His departure was not so much a standout victory for those who oppose Dobb’s xenophobic-beliefs, but a living example of how unrelenting paranoia invades a good portion of cable news.
Dobbs’ is not categorized in the same crop of oft-criticized cable news anchors Bill O’Reilly, Keith Olbermann or Sean Hannity for their obvious unfiltered biases, but if his absence becomes part of his legacy, he will be.
What is cable news known for now, if not for the unregulated “what ifs?” thrown into political conflict? Names like Glenn Beck would not hold the same connotation had they not been allowed to slew whatever comes to mind, given to them in the modern age of cable news.
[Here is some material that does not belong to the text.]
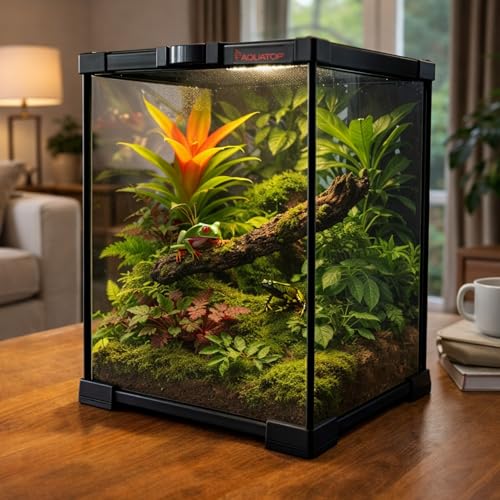 Aquatop 3.2 Gal Stackable Small Pet Terrarium - Durable Clear Glass Tank with Removable Ventilated Mesh Top for Reptiles, Arachnids, and Amphibians, RT-03 - size: 3.2 Gallon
Why wouldn’t networks like CNN, FOX and MSNBC take advantage of the trend? Nielson ratings indicate that the majority of cable news’s viewers come during prime time, when the aforementioned pundits hit the air.
With the rapid departure of neutral mediums in the news world, political pundits seem to be the only thing still sustaining large success in the industry. Indeed, the nature of it could be the modern 24-hour news cycle that chokes and concentrates every minor detail of the world’s daily events. The only irony here is that the very same cycle could also be partly responsible for the eventual collapse of the newspaper.
And when the newspaper becomes nothing more than a distant memory, what will those networks become other than outlets for the type of paranoia Dobbs so often expressed? The obvious guess would be that CNN, FOX and MSNBC, in their struggles to bring in younger viewers in the oncoming years, will continue to turn to those pundits, drifting further and further away from the neutral perception that cable news will never achieve.